The Canadian Wheat Board’s farmer-controlled board of directors announced today it will not participate in a government task force that is developing plans to eliminate farmers’ single-desk marketing system. The task force announced by Minister Chuck Strahl last week has four weeks to flesh out the Conservative election promise to dismantle the single desk.
“The Government of Canada continues to put the cart before the horse by forging ahead without giving farmers a voice about whether this is the direction they want,” said CWB board chair Ken Ritter, an elected farmer director from Kindersley, Saskatchewan. “We cannot, in good conscience, participate in a process that ignores their rights and their will.”
However, the board did extend an offer to the task force to respond to technical questions that arise during its deliberations.
Ritter said the much-touted concept of a “dual market” that retains a “strong and viable” CWB is an illusion.

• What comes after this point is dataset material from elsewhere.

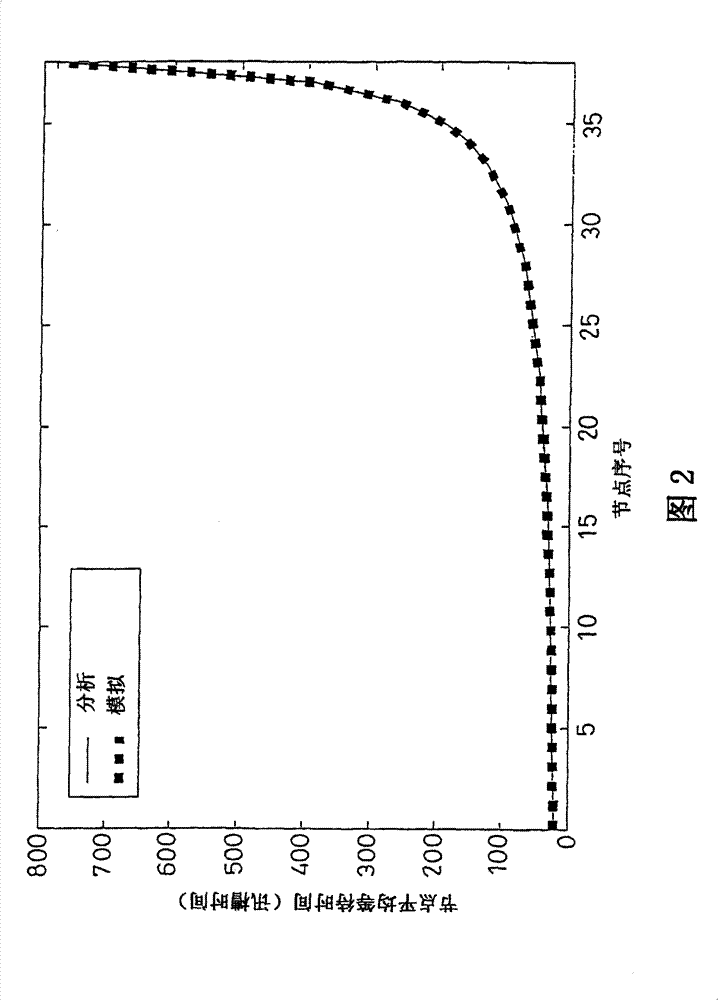 Time-division multiple access method of optical fiber network media and traffic control mode applied to same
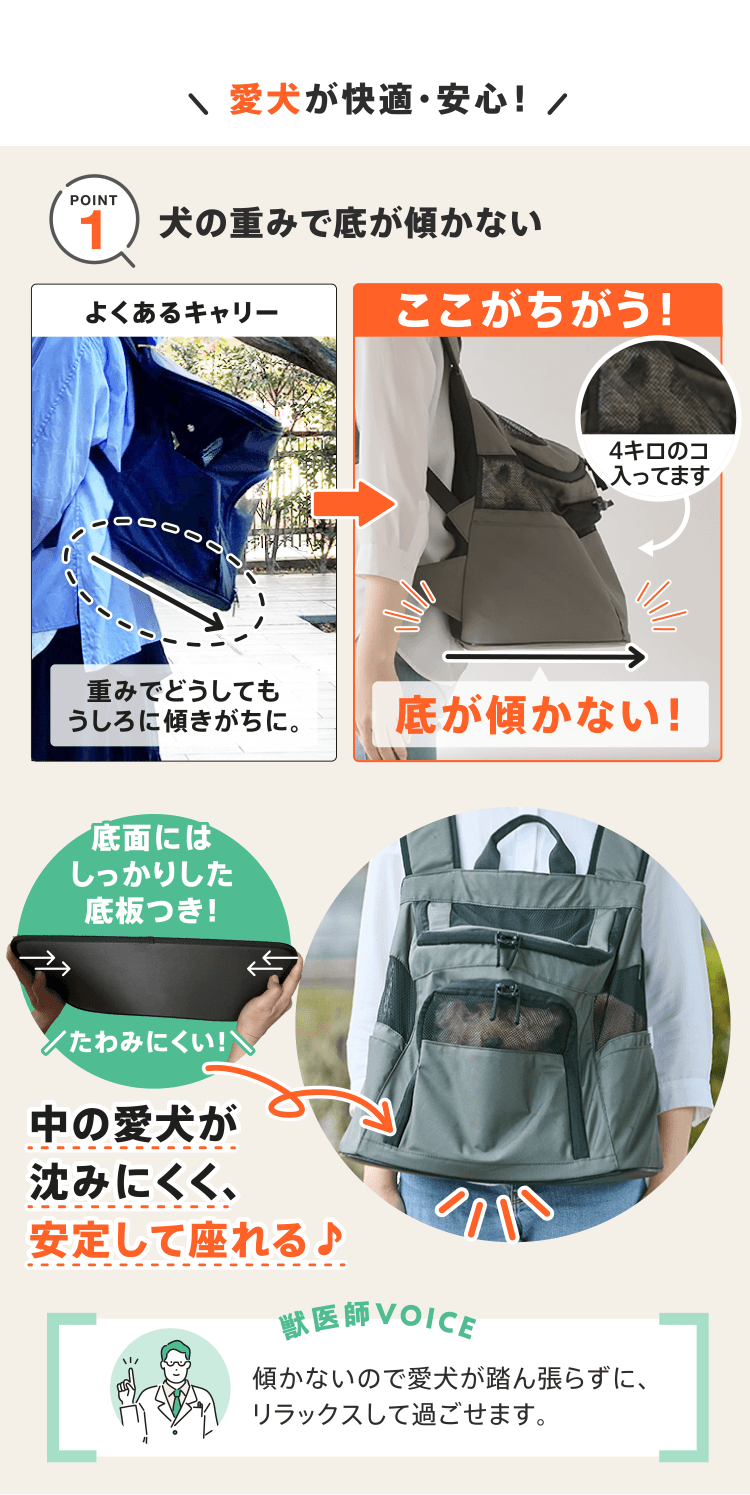 POINT1　犬の重みで底が傾かない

He said the government needs to understand – as most farmers do – that the single desk is the CWB’s primary tool for adding value to farmers’ returns and to their power in the world marketplace and the domestic grain industry. Without the monopoly, there is little value in the ongoing existence of the CWB. “It is important that everyone on both sides of this issue be honest and forthcoming with farmers about what the future can possibly hold. Producers must not be misled.”
Ritter emphasized that farmers have been in direct control of the CWB for eight years and, in that time, have delivered a wide range of marketing choice options. The next steps in the CWB’s future have been outlined in a comprehensive vision paper entitled Harvesting Opportunity. It envisions the creation of an agribusiness powerhouse that is fully controlled by Prairie farmers, with commercial businesses, partnerships or joint ventures throughout the supply chain.
“This is the vision we intend to pursue, building on the single desk which is the foundation upon which we have built our marketing success,” Ritter said.
Controlled by western Canadian farmers, the CWB is the largest wheat and barley marketer in the world. As one of Canada’s biggest exporters, the Winnipeg-based organization sells grain to more than 70 countries and returns all sales revenue, less marketing costs, to Prairie farmers.